The Studio Movie Grill Lewisville was originally going to be AMC’s first 20-screen super-megaplex. When Vista Ridge Mall opened in 1989, Lewisville received its second 10-plus screen theater with Cinemark Theater’s Vista Ridge 12 inside the mall. Because the shopping complex drew people from a wide circle including Lewisville, Flower Mound, Carrollton, Coppell, Lake Dallas, Corinth and Highland Village, there was room for another theater. So in January 1993, AMC announced an exterior multiplex across the highway down from Corporate Drive that would be a 48,000 sqaure feet 20-screen multiplex the likes of which the DFW area hand’t seen.
In May of 1993, AMC turned its attention to a 24-screen AMC Stemmons Crossroads project that would become the game-changing AMC Grand 24 opening in 1995. AMC walked away from the 20-screen Lewisville project leaving an opening for another operator to build a megalplex in that spot. United Artists stepped up with a smaller-sized concept theater that would serve as a blueprint for its expansion within DFW over the next several years.
UA concentrated its 1994-1997 growth with 9-to-11 screen builds that were more destination theaters then the generic, neighborhood 8-plexes that it had built in the early to mid-1990s. And the UA Lakepointe 10 would be its first scheduled to open followed by a similar facility in Grand Prairie (1995), a grander location near Garland (1996), and two in Fort Worth (1997). Meanwhile, Trans-Texas announced a simultaneous project on the opposite side of the freeway. Trans-Texas' 8-screen theater was of more modest scale and it was a race to see which would open first.
To demonstrate that it was out of the business of building generic boxy theaters, UA got a waiver from the City of Lewisville to include a laser lighting system that would adorn the main entrance and be visible to the busy adjoinging highway. The UA Lakepointe 10’s translucent theater canopy was designed by Runyon Architects and Associates. It was 10 feet tall and 100 feet long projecting 14 color patterns that could be set to music. The UA theater launched December 16, 1994 with features including Speechless, Dumb and Dumber, Drop Zone and Disclosure though would not have its official grand opening celebration until January 26, 1995. Trans-Texas' Vista Ridge 8-plex opened across the street on December 16, 1994 with sub-runs and would go first run then back to sub-run discount when it became part of the Cinemark circuit.

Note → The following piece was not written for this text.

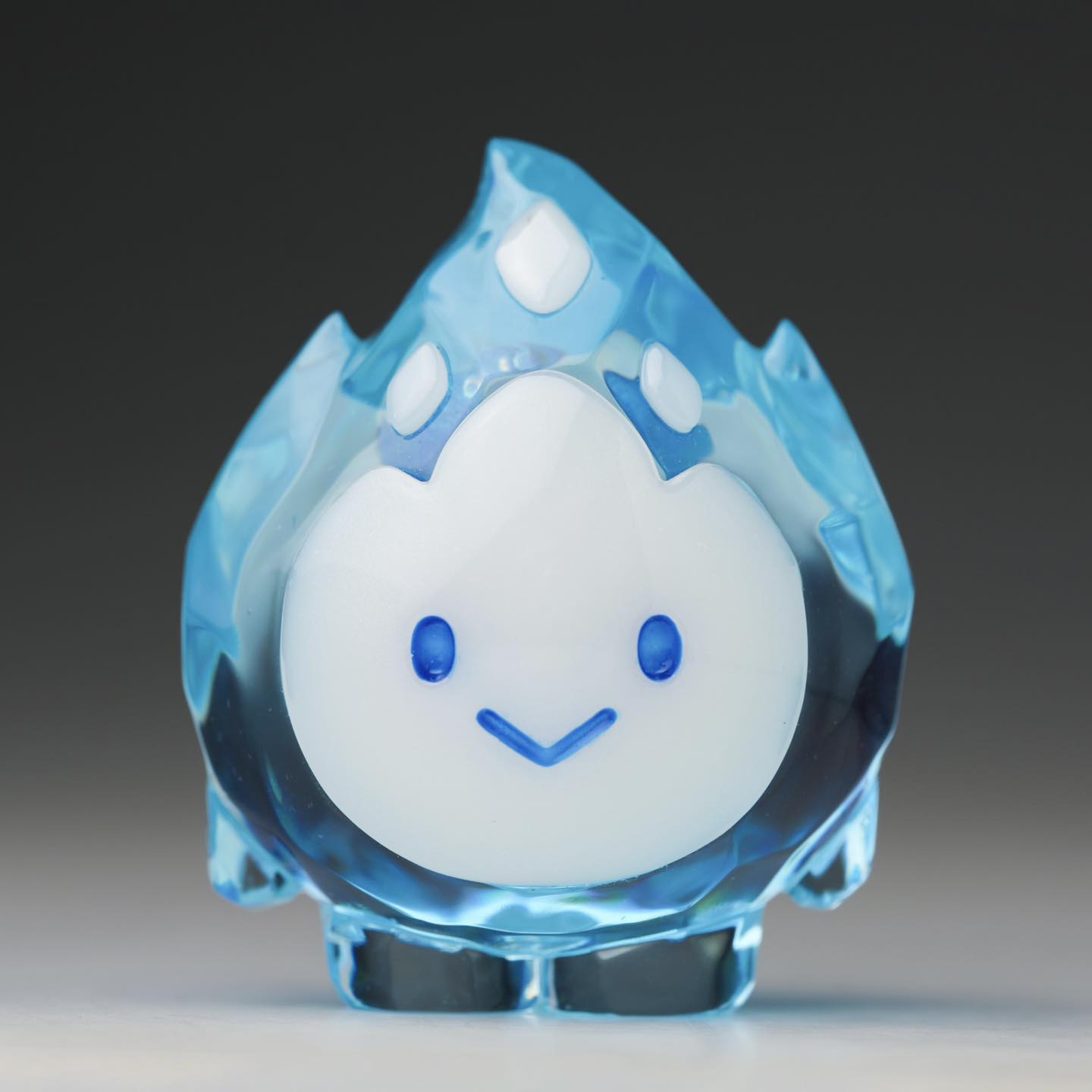 FLAMEY FROST - Blue Diamond by MUPA Toy, a 7cm limited-edition resin figurine, features a translucent blue flame with a smiling white face.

The first shoe to drop in the Lewisville area was the first multiplex in the Rand/Hollywood/Silver Cinema 10-screen discount house in the Garden Park Shopping Center. But UA ran into financial difficulty as a circuit as the century closed while others easily outflanked the chain’s 10-screen effort. Rave Motion Pictures opened a state-of-the-art high tech megaplex just to the north of the Lakepointe opening in 2000 which took much of the non-mall, non-discount moviegoing audience with it. With Cinemark scheduled to open a brand new facility at Vista Ridge Mall, and a 14-plex just to the North in Denton, the writing was on the wall. UA closed the Lakepointe and many other theaters across DFW and around the country.
But all was not lost as Studio Movie Grill repositioned the Lakepointe as a movie and dining event place called the Studio Movie Grill Lewisville opening May 2007. The theater was in a contentious zone with AMC opening its Highland Village theater to the west in December of that year, Obviously with many theaters within exits of each other (the Vista Ridge Mall 15 Lewisville, the Lewisville 8 discount house, Cinemark 14 in Denton, the Silver Cinemas Golden Triangle, and the Rave Hickory Creek 16), SMG had its work cut out for it. Redesigning the complex as an 8-plex with full kitchen, the theater pulled off the task with aplomb keeping the theater relevant into the mid-2010s and beyond.